My performance 'Cyber Horse and I' was created for the touring group show 'What do we Want?' when it was shown in An Gailearaí in Co Donegal. The performance was filmed and photographed by Jacqui Devenney Reed in March 2025.
Jill Gibbon, Bernadette Hopkins, Eoin Mac Lochlainn, Manal Mahamid, Miriam McConnon and Tom Molloy. Curated by Olivier Cornet.
To begin, a quote from Antonio Guterres, the Secretary General of the United Nations:
“Peace is needed today more than ever. War and conflict are unleashing devastation, poverty and hunger, and driving tens of millions of people from their homes.”
This group exhibition is a response to the increasingly dangerous geo-political situation in the world today. It features the work of five artists: Jill Gibbon, Eoin Mac Lochlainn, Manal Mahamid, Miriam McConnon and Tom Molloy. Performance artist Bernadette Hopkins from Donegal was invited to make a contribution to the theme of the exhibition.
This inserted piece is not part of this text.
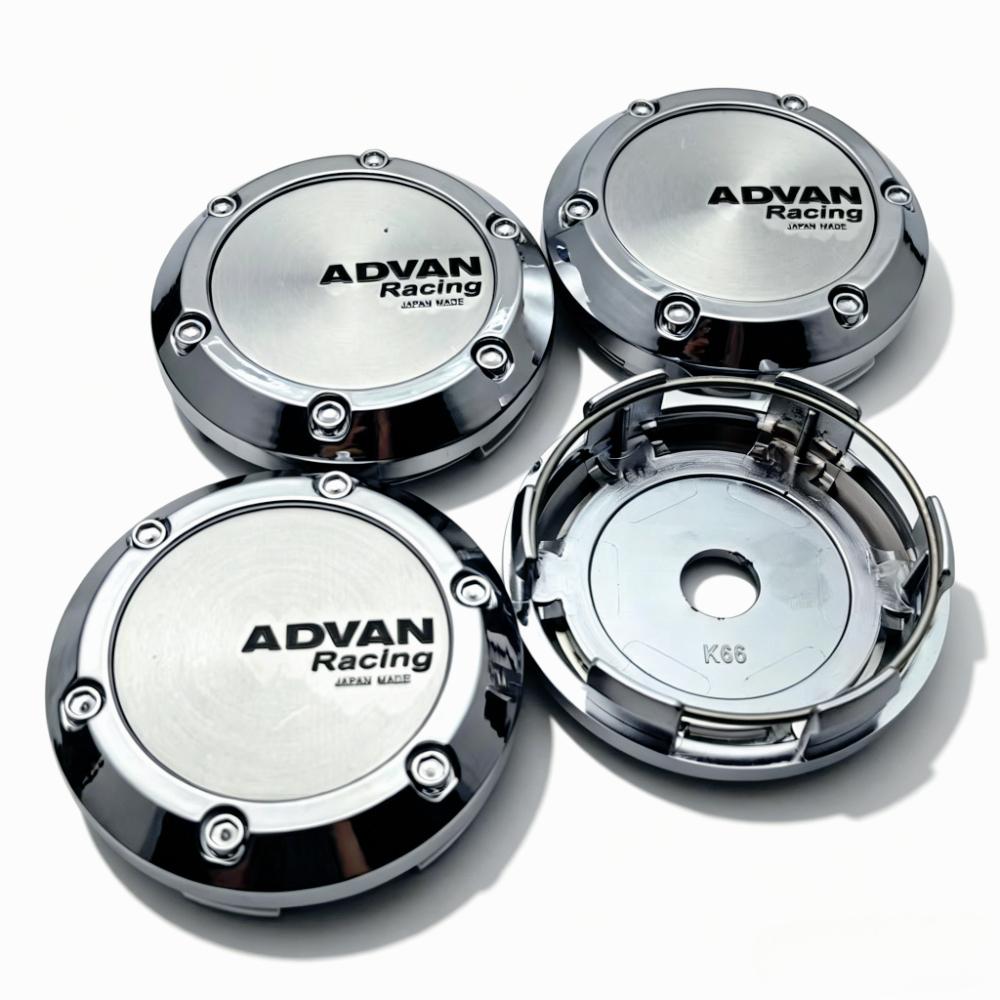 4pcs Advan Racing Logo Badge Emblem Car Wheel Center Caps 66MM Clips 62MM Wheels Hub Cap Rim Hubcaps Dust Cover Car Accessories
‘What do we want?’ is a mixed-media exhibition that includes painting, film, photography and sculpture. Each artist presents work that reflects a personal and creative response to current geo-political threats. Overall, the exhibition is one that promotes a dialogical rather than didactic approach to answering the question what do we want? The work on show forms an arc that connects early 20th Century conflicts to the present day wherein war, through the faux respectability of the international arms trade, is exposed as a commodity.
Jill Gibbon, a UK-based artist, makes the point that to stop wars, we must address the arms trade. In this exhibition, the artist shows a selection of work she made in-situ at international arms fairs in Paris and London. Disguised as an arms trader, she draws attendees and collects ephemera from the stalls. Her pretence as a respectable businesswoman is a metaphor for the facade of respectability in the industry. Her sketchbook drawings presented as a concertina reveals the hidden truth. The exhibition will also include a selection of ‘gifts’ given away to attendees of these fairs. To quote Gibbon “Nothing conveys the chilling priorities of the arms trade as clearly as its marketing”.
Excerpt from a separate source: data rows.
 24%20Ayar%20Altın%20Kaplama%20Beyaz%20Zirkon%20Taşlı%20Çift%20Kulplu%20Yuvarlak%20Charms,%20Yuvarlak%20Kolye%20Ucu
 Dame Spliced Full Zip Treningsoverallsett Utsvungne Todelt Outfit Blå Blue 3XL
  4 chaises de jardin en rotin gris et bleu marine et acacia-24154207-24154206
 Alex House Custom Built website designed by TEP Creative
Bernadette Hopkins is an Irish visual artist based in Donegal. In this performance ‘Cyber Horse and I’, she addresses several key challenges in global cybersecurity, particularly for neutral countries. She draws attention to the lack of universal recognition and application of international law in cyberspace. Recent weakened ability of the UN to coordinate global responses creates a complex environment for neutral countries like Ireland, as they attempt to maintain sovereignty in cyberspace while more powerful states may be less susceptible to international pressure or consequences for cyber crimes. Neutral countries also face potential risks when installing cyber defence systems with the possibility of spyware from other countries being present in the systems. Closer cooperation with other states for cyber capacity building may be necessary but could potentially compromise strict neutrality and create cyber colonisation…a dangerous fusion of AI and authoritarian regimes.
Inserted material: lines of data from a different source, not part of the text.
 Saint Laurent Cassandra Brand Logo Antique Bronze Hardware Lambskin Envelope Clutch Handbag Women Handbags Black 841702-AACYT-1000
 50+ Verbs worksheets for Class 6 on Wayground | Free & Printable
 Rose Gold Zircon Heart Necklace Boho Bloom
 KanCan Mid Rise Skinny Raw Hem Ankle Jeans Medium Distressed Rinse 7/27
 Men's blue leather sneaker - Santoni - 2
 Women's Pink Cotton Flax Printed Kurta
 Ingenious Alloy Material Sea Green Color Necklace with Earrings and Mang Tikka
Eoin Mac Lochlainn is an Irish artist based in Dublin. In recent years he has made several hundred charcoal and wash drawings to explore the trauma of the Irish Civil War: "Each piece was an attempt to represent a soul, someone with dreams and ambitions, someone whose life had been cut short by the conflict - but that project put global conflicts in perspective for me and, as I continued to develop the work, I began to view War as a failure of empathy, a failure of Humanity. And whatever the cause, when it comes down to it, it’s always some mother’s son, it is somebody’s sister or brother, somebody’s neighbour who is killed."
In response to the increasingly worrying situation across the world, the artist's body of work is a reminder that peace should never be taken for granted. It needs to be nurtured - and the cycle of violence brought to an end. To quote President Michael D. Higgins: “We have to reject the suggestion that war is the natural human condition or indeed that xenophobia is a natural human condition, or that people of different religions or cultures cannot reconcile (and) live harmoniously… We have to pursue a new symmetry. Our very species’ survival depends on that now, as does our relationship with other species.”
Manal Mahamid is a multidisciplinary Palestinian artist based in Haifa and Dublin since 2020. The Palestinian Gazelle (2017) leads viewers on a metaphorical journey through the landscapes of historical Palestine, deliberately bypassing the numerous barriers and checkpoints imposed by Israeli colonial forces. Holding one of her Palestinian gazelle sculptures, artist Manal Mahamid physically and symbolically retraces pre-Nakba territory, reclaiming a sense of freedom and identity. The gazelle motif—sparked by Mahamid's encounter with a three-legged gazelle in an Israeli zoo, labelled "Palestinian gazelle" in Arabic and English but "Israeli gazelle" in Hebrew—highlights the cultural appropriation embedded in colonial narratives. Through the embodied act of running, The Palestinian Gazelle interrogates the entanglements of land, life, and settler colonialism, prompting viewers to reflect on movement, survival, and the complexities of heritage.
Miriam McConnon is an Irish artist based in Cyprus. Miriam McConnon’s recent work presents the individual stories of young male refugees in paintings and sculpture of personal objects that narrate their journey of displacement, of integration and of aspirations for the future. The work looks at the many layers to these stories, disenabling the categorization of ‘refugee’ to define these young men highlighting the idea that the freedom of movement is a privilege not a human right.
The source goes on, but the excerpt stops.